▸ TASK REQUIREMENTS
Take the line containing "Banjara - Embroidered, multicolored, Peruvian" and each line after it through the end of the data below, and return them exactly, minus any pictures.

Image-caption web data
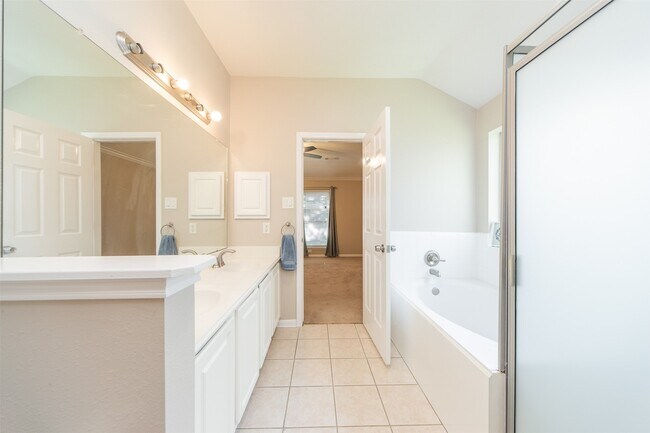 Building Photo - 3114 Glenwood Dr
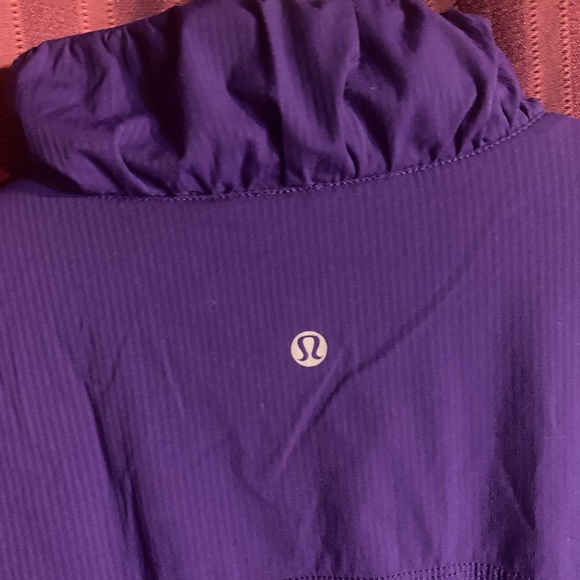 Lululemon running jacket - Picture 7 of 8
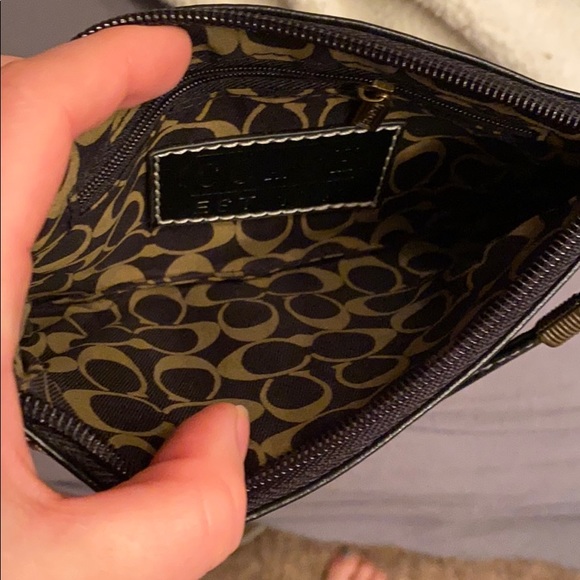 Wristlet - Picture 2 of 2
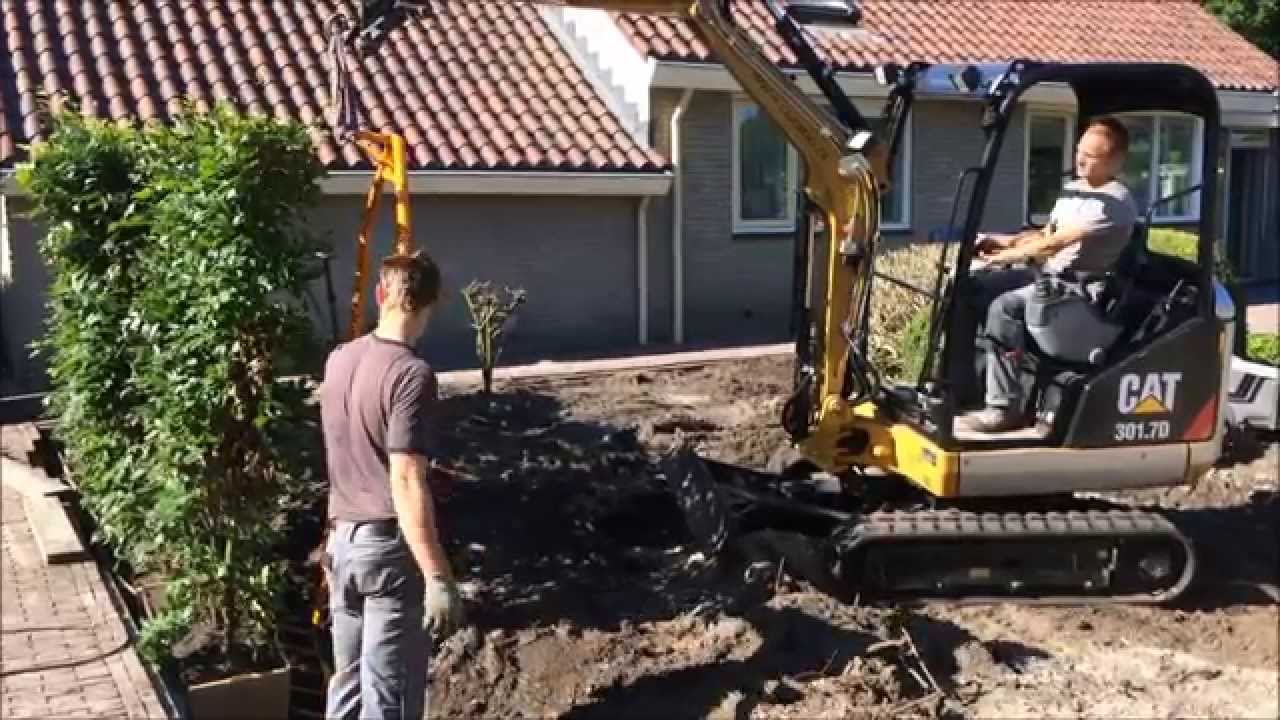 Aanleg landelijke moderne tuin in Oosterhesselen.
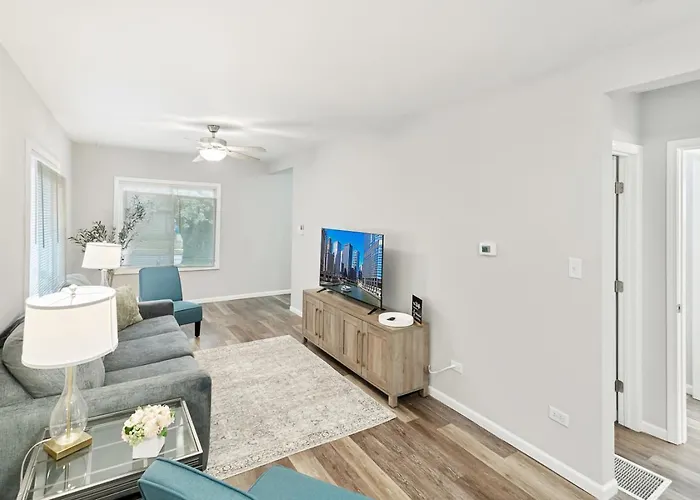 Charming Family Near Great Lakes Naval Base Waukegan
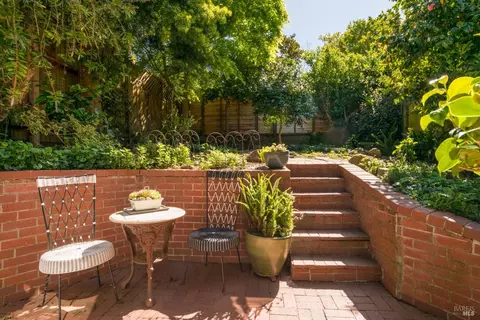 Exterior - 476 Wellesley Ave, Mill Valley, CA 94941 photo 2 of 5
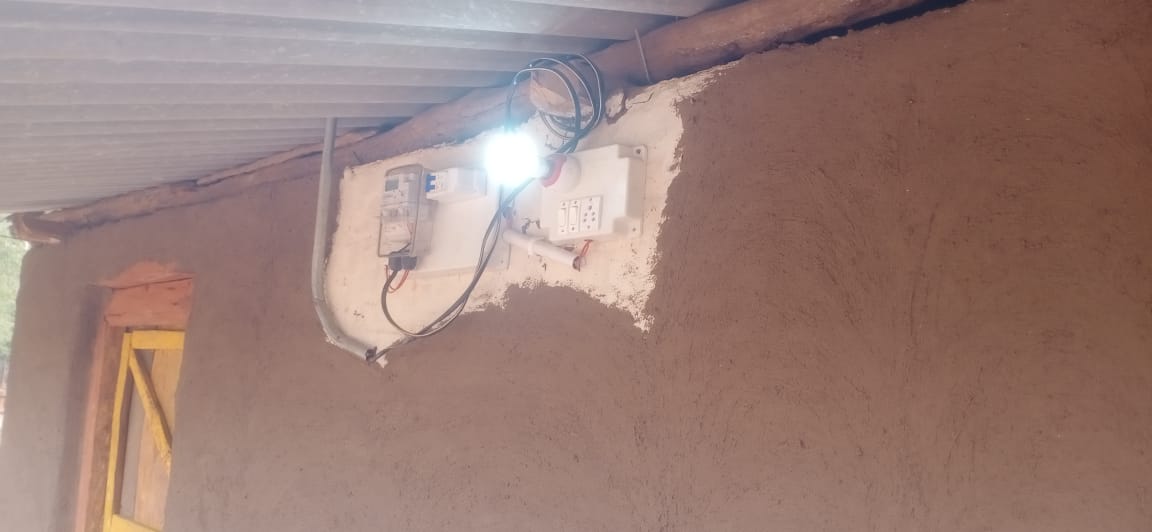 पहाड़, जंगल और मुश्किल रास्तों को पार कर आई रोशनी: नारायणपुर के ईरपानार में जले पहली बार बल्ब, खुशी से झूम उठे ग्रामीण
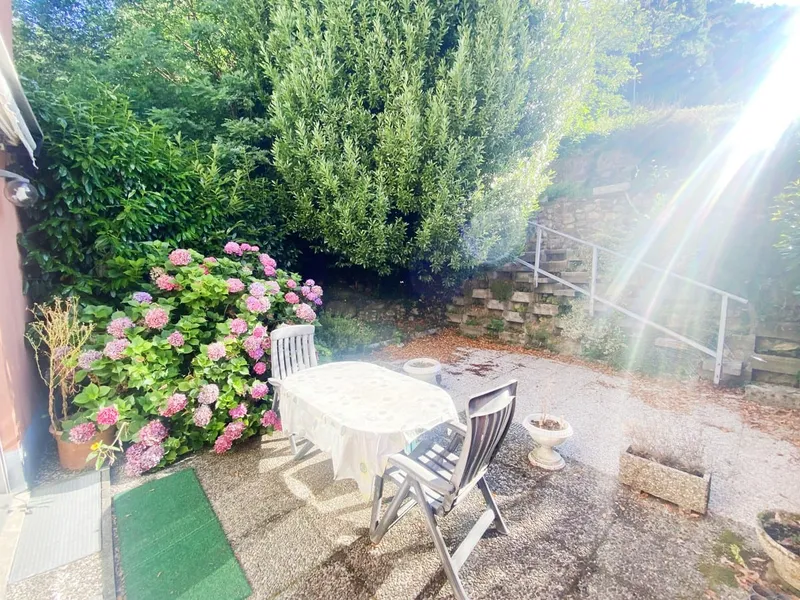 Casa semi-indipendente 4,5 locali con giardino e soggiorno duplex, Foto 5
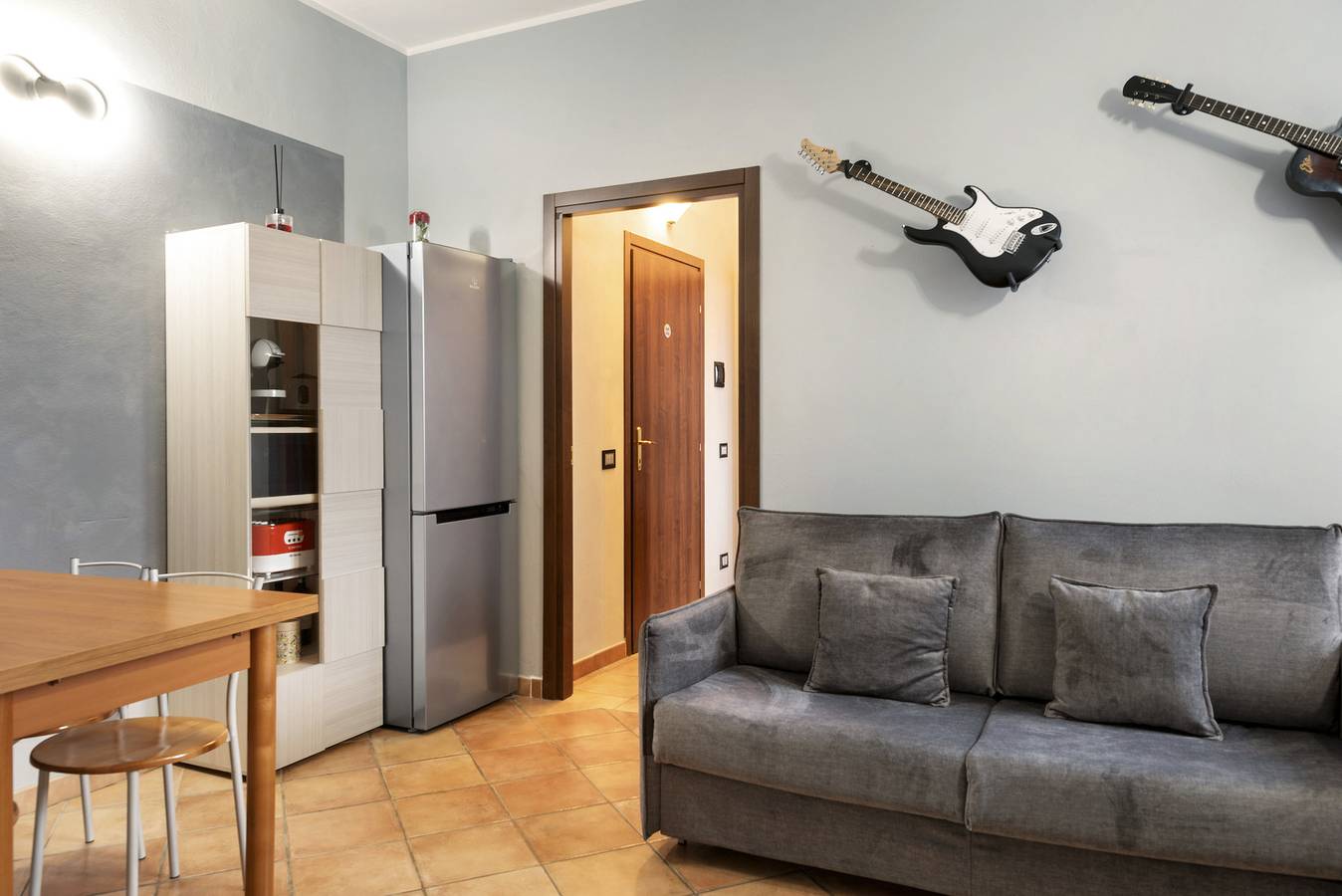Appartamento intero, Appartamento 'Casa Del Nonno' con vista sulle montagne, Wi-Fi e aria condizionata in Portacomaro, Provincia d'Asti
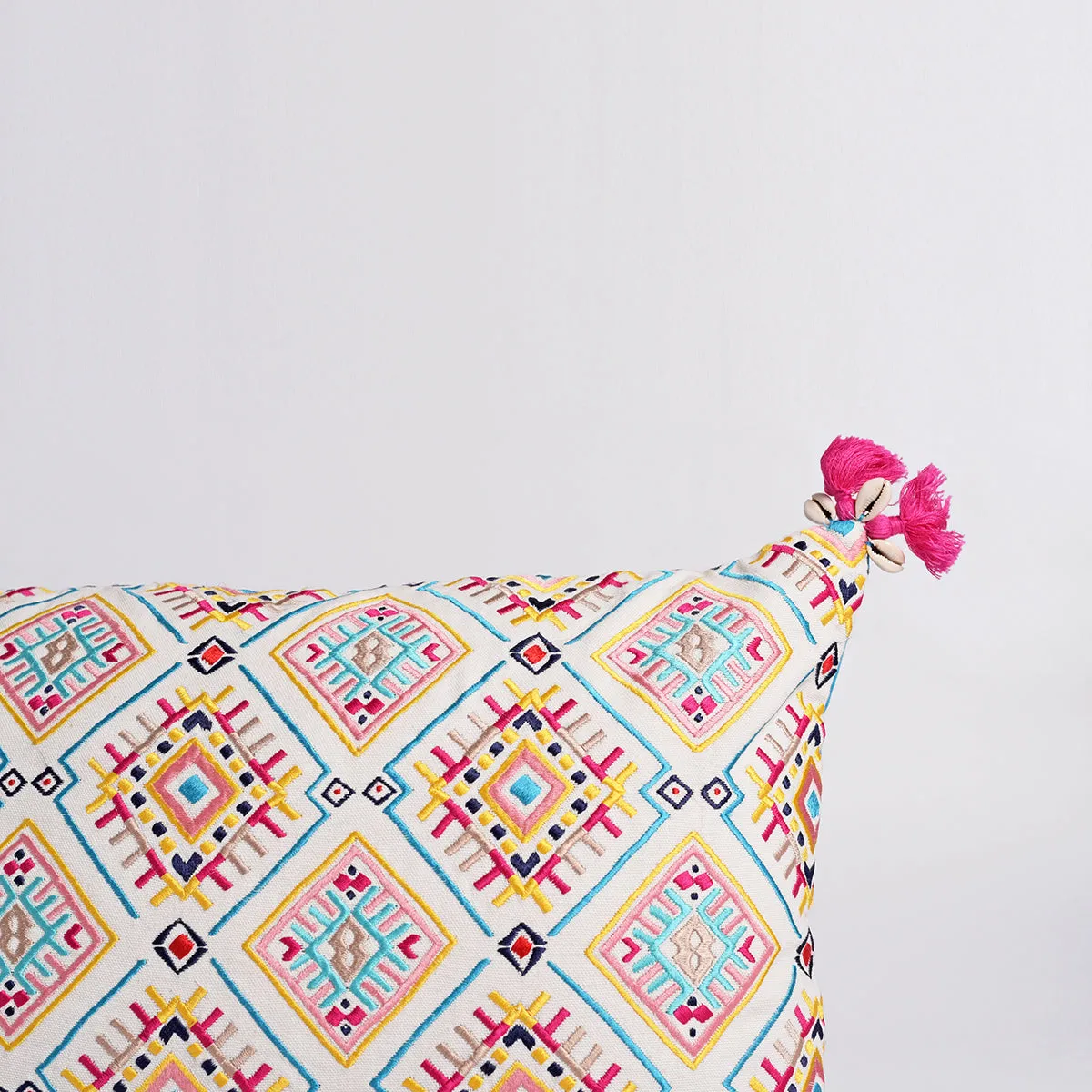 Banjara - Embroidered, multicolored, Peruvian cushion cover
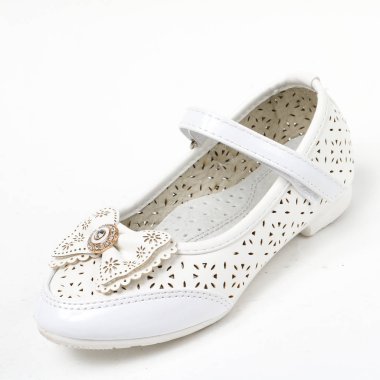 Çocuğun loafer'lar beyaz arka plan ve şık modern ayakkabı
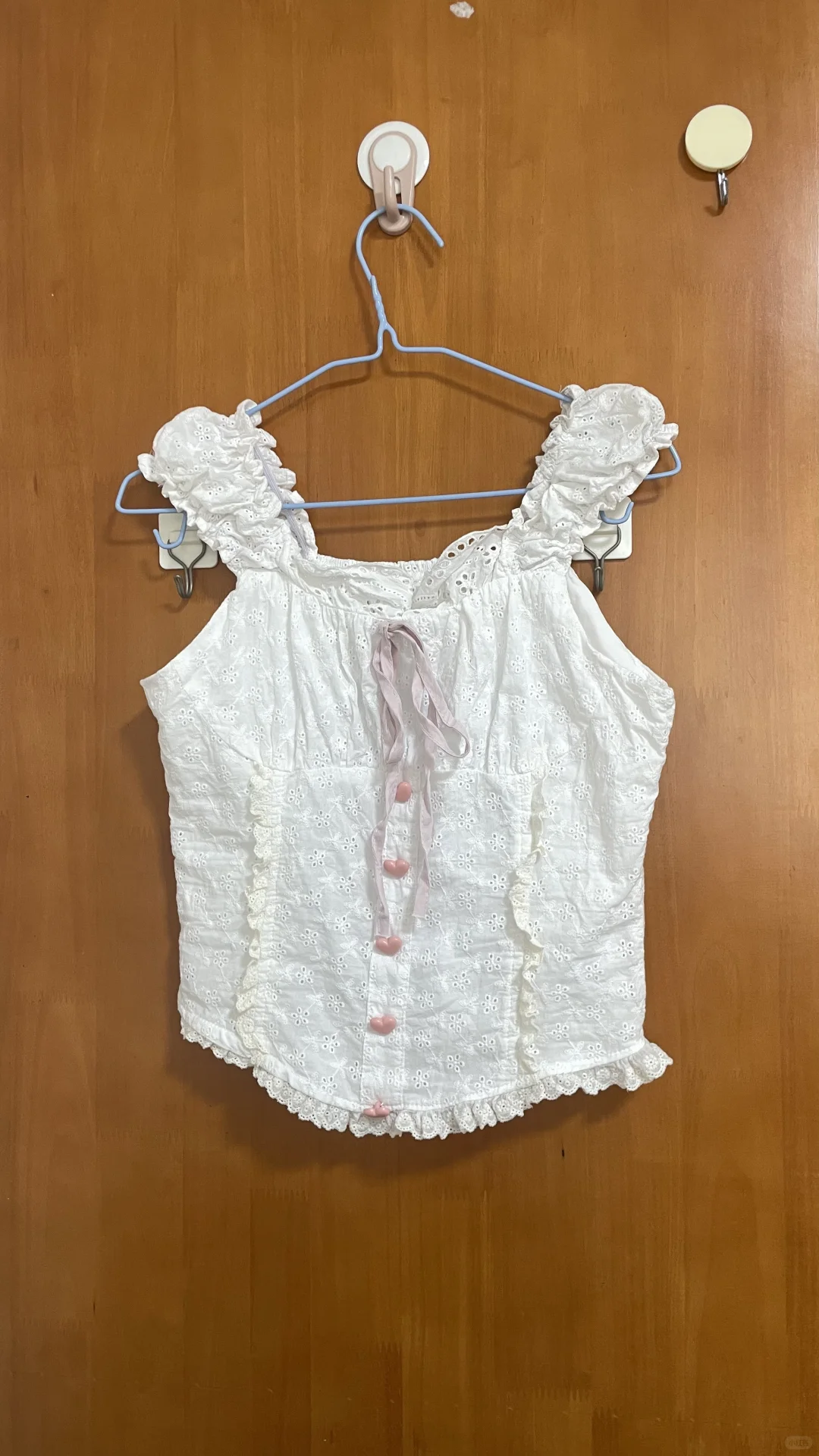 女大学生毕业了 一件不留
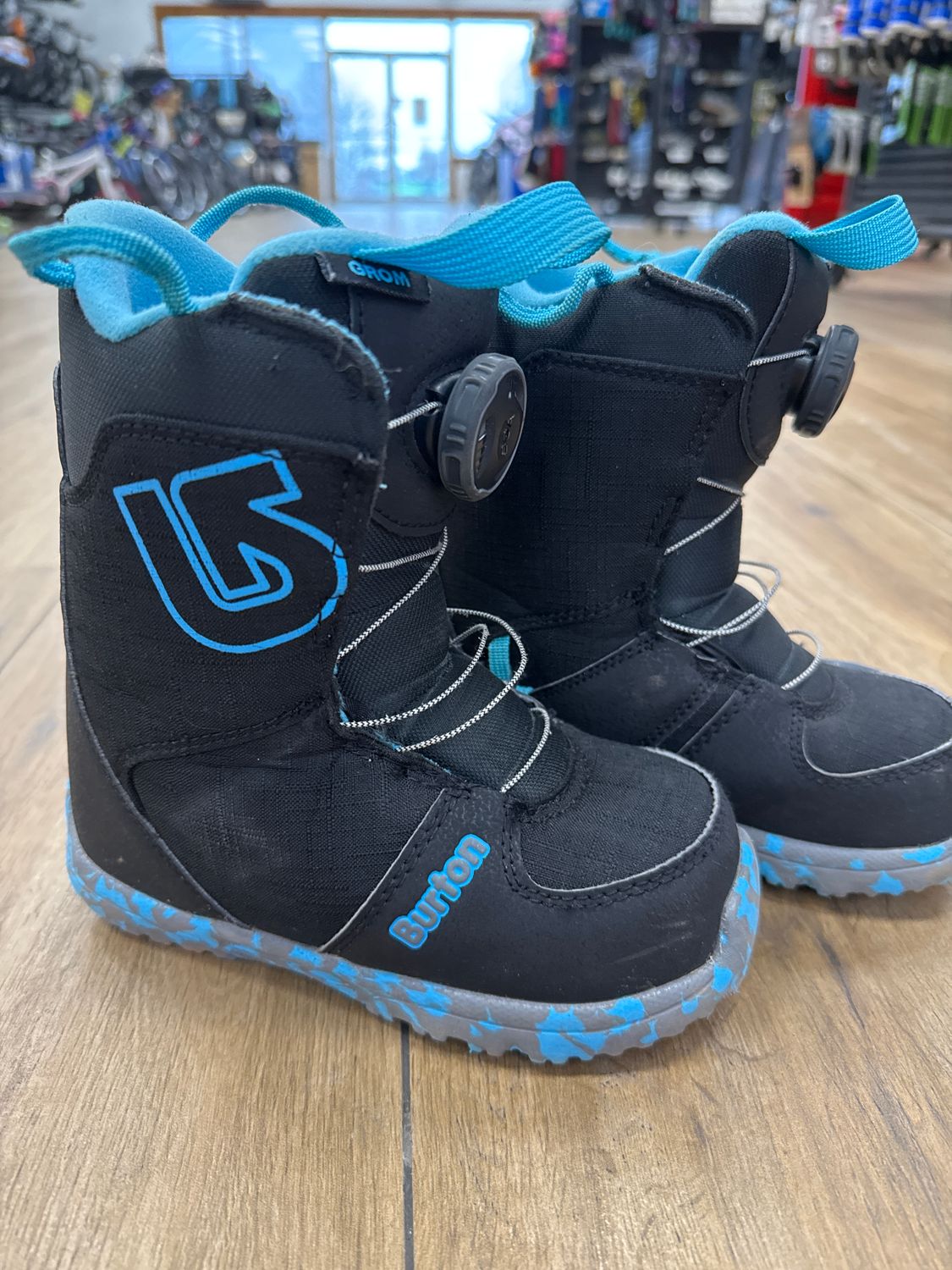 Used Bruton Grom Boots Size 13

▸ RESPONSE AREA
 Banjara - Embroidered, multicolored, Peruvian cushion cover
 Çocuğun loafer'lar beyaz arka plan ve şık modern ayakkabı
 女大学生毕业了 一件不留
 Used Bruton Grom Boots Size 13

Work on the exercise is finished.